Pathological stage grouping of patients with resected carcinoma of the lung

Abstract

Data from a series of 569 patients with “curative” resection of non-oat cell tumors were analyzed by the life-table method to evaluate the validity of the postresection pathological staging classification suggested by the American Joint Committee.
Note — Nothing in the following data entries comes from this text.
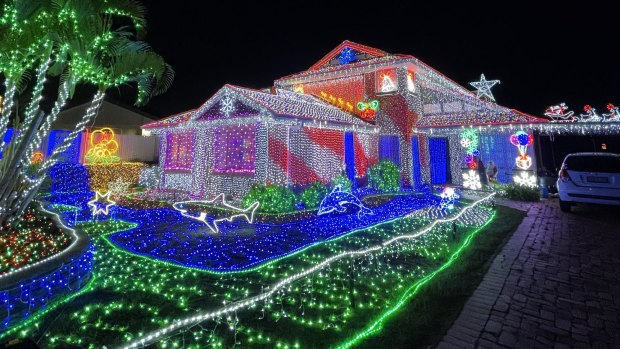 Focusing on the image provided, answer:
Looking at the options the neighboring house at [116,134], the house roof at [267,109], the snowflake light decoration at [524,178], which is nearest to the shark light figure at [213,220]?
the house roof at [267,109]

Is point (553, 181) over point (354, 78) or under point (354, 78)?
under

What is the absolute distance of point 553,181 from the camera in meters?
13.9

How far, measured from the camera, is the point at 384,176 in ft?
48.9

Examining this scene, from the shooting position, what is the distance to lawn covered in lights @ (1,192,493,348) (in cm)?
339

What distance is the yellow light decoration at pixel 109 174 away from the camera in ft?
51.6

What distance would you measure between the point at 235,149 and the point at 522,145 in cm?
1462

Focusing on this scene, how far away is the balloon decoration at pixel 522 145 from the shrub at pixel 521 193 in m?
3.51

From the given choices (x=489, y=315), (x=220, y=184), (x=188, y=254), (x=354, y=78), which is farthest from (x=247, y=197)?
(x=354, y=78)

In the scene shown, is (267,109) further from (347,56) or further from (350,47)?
(350,47)

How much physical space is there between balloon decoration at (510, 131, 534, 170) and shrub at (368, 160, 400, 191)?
688cm

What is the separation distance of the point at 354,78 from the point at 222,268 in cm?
1446

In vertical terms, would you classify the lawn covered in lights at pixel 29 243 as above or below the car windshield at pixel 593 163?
below

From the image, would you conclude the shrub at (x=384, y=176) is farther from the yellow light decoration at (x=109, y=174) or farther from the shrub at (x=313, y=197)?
the yellow light decoration at (x=109, y=174)

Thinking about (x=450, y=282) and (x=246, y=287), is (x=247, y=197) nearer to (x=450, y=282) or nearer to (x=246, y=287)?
(x=246, y=287) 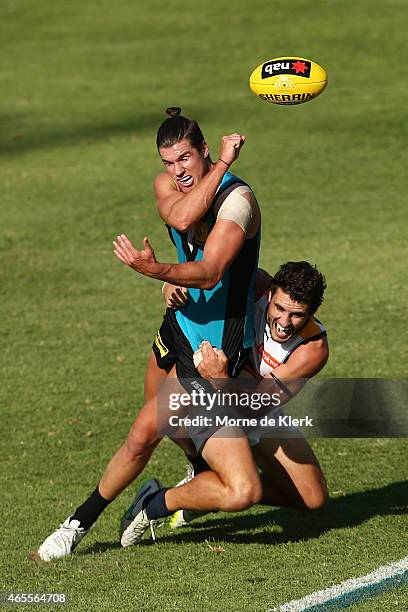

The cell types were as follows: squamous, 305; adenocarcinoma, 172; large cell, 73; and mixed, 19. Each patient was assigned a pathological TN classification on examination of the resected specimen (all patients were judged clinically to have no distant metastases—M0). There were 173 lesions classified as T1 N0, 37 as T1 N1, 212 as T2 N0, 115 as T2 N1, and 32 as either T3 with any N or N2 with any T. In analyzing the data, we identified a subset of lesions (25), initially staged as T2 N0, which were small central lesions, 3 cm or less, located distal to a lobar takeoff. Regardless of the presence of atelectasis or pneumonitis to the hilar area, patients with these lesions had a survival rate similar to that of patients with more peripherally located lesions of similar size. Three-year survival rates of 66.5% and 68.5% respectively, were noted in these two groups of patients, as compared to a 53.6% rate for the patients with lesions larger than 3 cm, which could be classified as T2 N0 regardless of their location. When lymph nodes were affected (N1), patients with small central lesions (20) had a better survival rate than the patients with either T1 N1 or other T2 N1 lesions. It is therefore suggested that all small central lesions, 3 cm or less, distal to a lobar takeoff be considered T1 lesions. Patients with T1 N1 lesions had a 3 year survival rate of only 36.7%, which is similar to the 39.8% 3-year survival rate of those with T2 N1 lesions. The other patients in Stage I had a much better survival rate: Patients with T1 NO lesions had 3 and 5 year survival rates of 68.5% and 54.4%, and those with T2 N0 lesions, 53.6% and 40.0%, respectively. Therefore, it would appear more appropriate to classify these patients as having Stage II rather than Stage I disease.